*** Opening of DATASET RECORDS ***

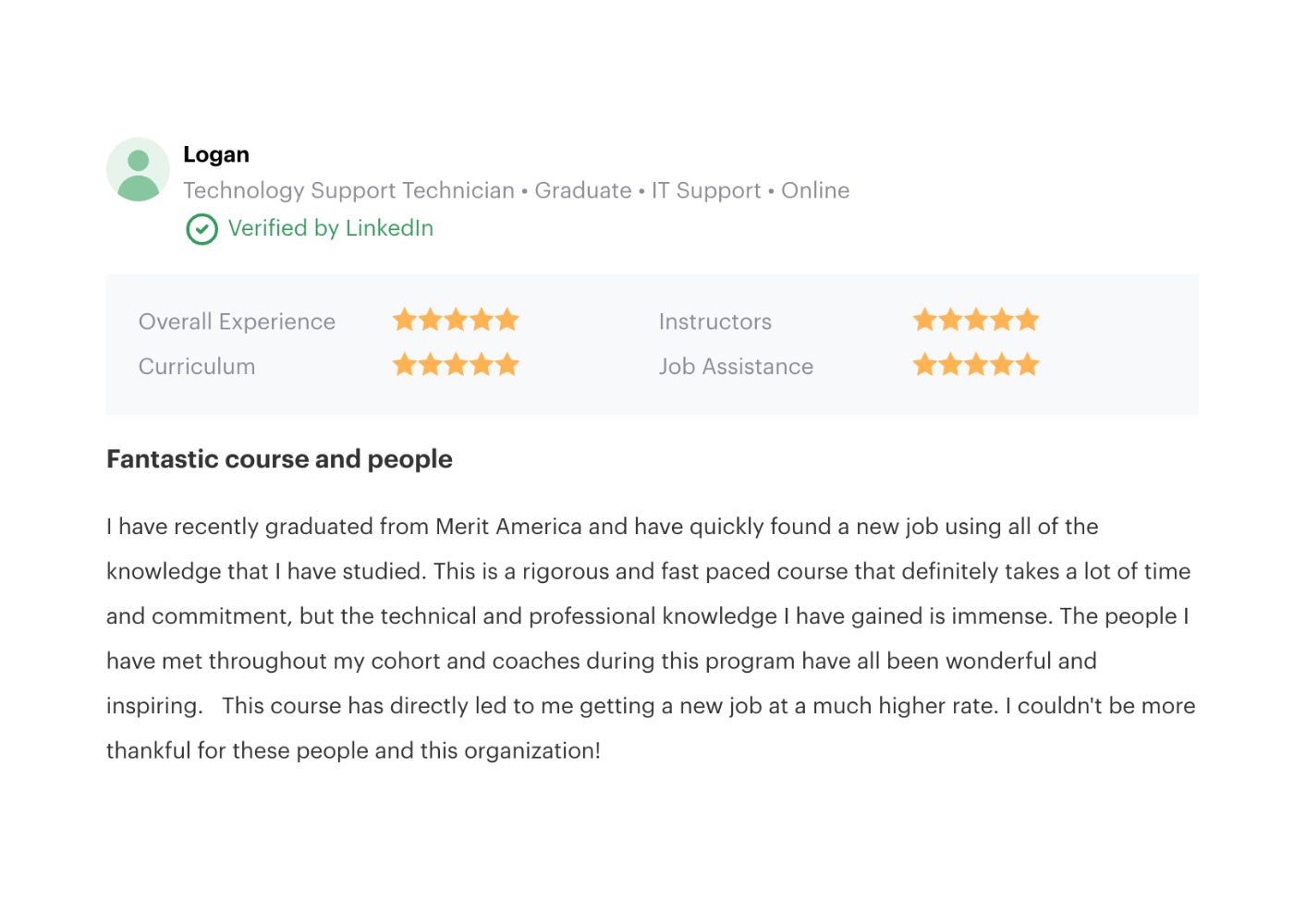 Learner Review_Co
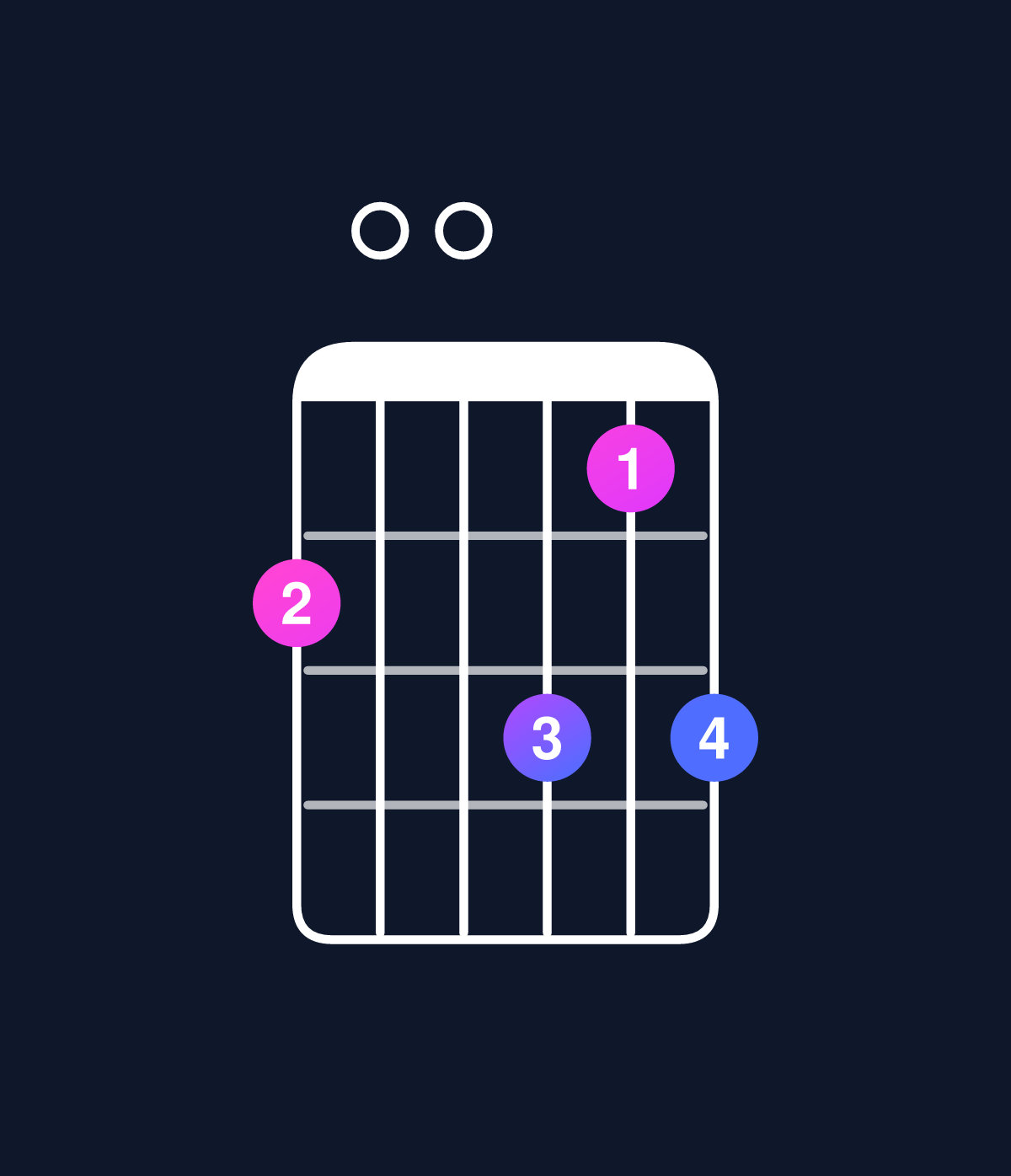 Chord chart for How to play D minor major 7th add 11 / C♯ (3rd inversion) chord on guitar — Shape 900a8a | Guitar Wiz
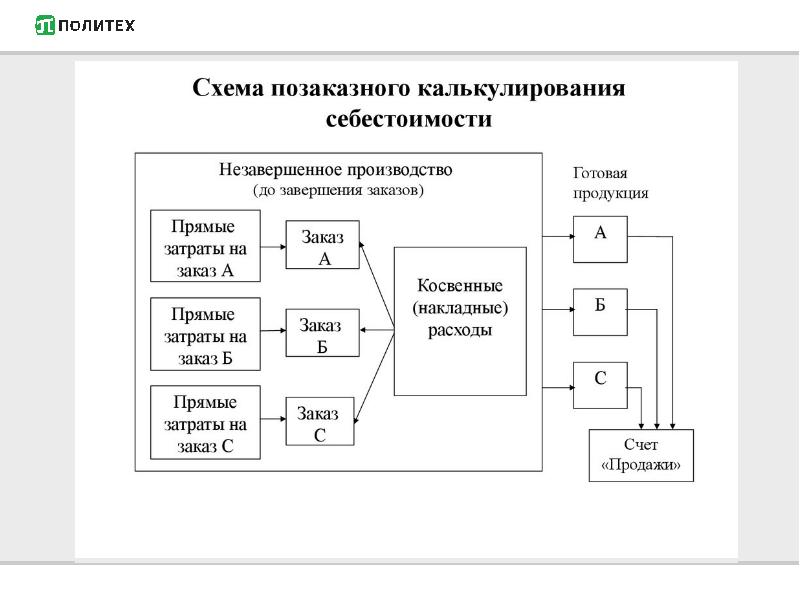 Общая схема учета затрат на производство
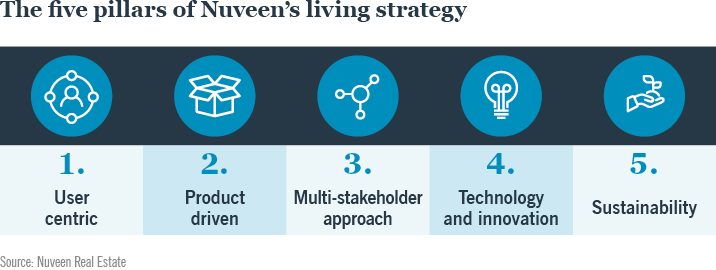Five pillars of nuveen's living strategy chart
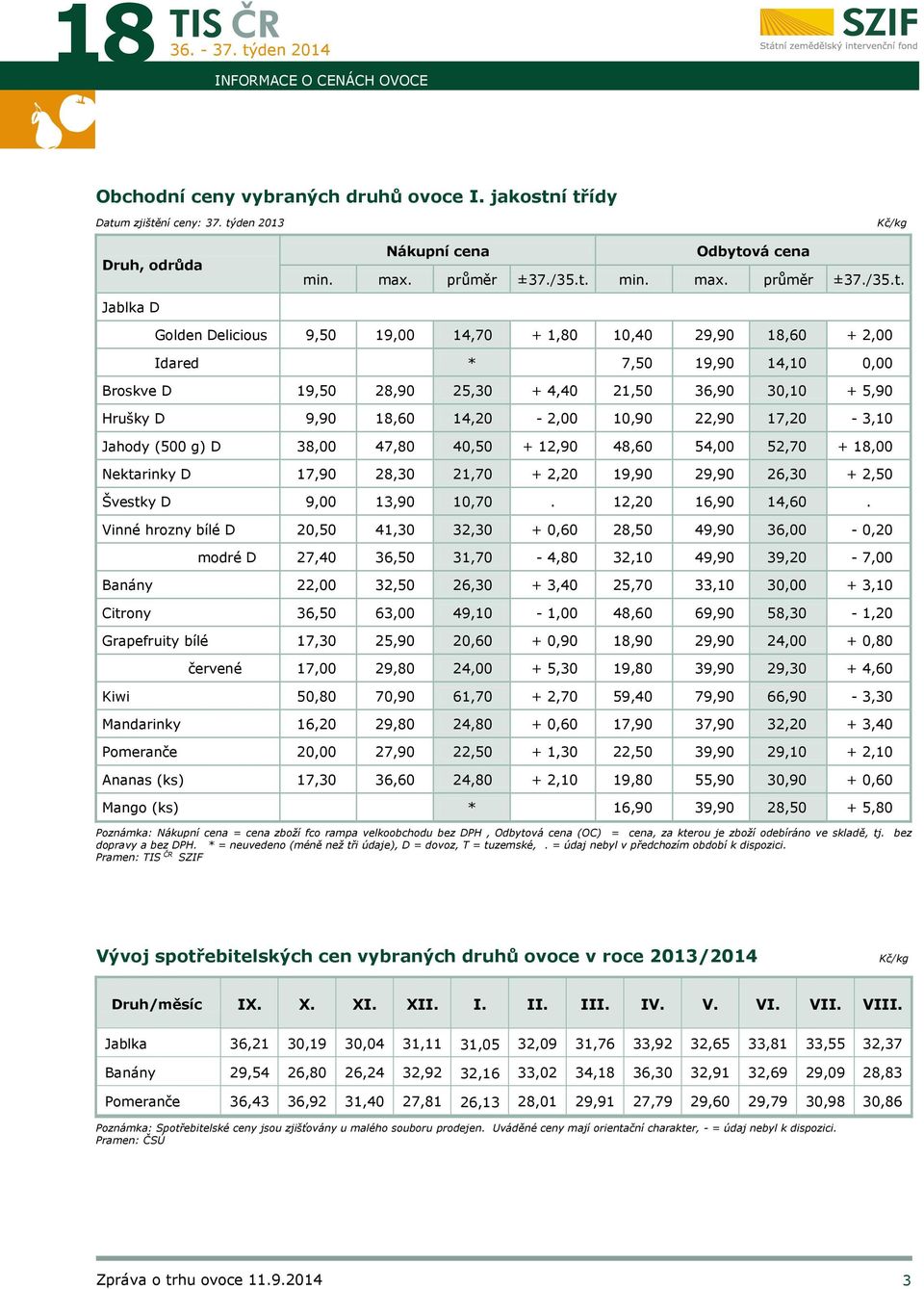 10,40 29,90 18,60 + 2,00 Idared * 7,50 19,90 14,10 0,00 Broskve D 19,50 28,90 25,30 + 4,40 21,50 36,90 30,10 + 5,90 Hrušky D 9,90 18,60 14,20-2,00 10,90 22,90 17,20-3,10 Jahody (500 g) D 38,00 47,80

*** Close of DATASET RECORDS ***

* EXERCISE DETAILS *
Please print all of the records above exactly, omitting each picture.

* WRITTEN RESPONSE *
 Learner Review_Co
 Chord chart for How to play D minor major 7th add 11 / C♯ (3rd inversion) chord on guitar — Shape 900a8a | Guitar Wiz
 Общая схема учета затрат на производство
Five pillars of nuveen's living strategy chart
 10,40 29,90 18,60 + 2,00 Idared * 7,50 19,90 14,10 0,00 Broskve D 19,50 28,90 25,30 + 4,40 21,50 36,90 30,10 + 5,90 Hrušky D 9,90 18,60 14,20-2,00 10,90 22,90 17,20-3,10 Jahody (500 g) D 38,00 47,80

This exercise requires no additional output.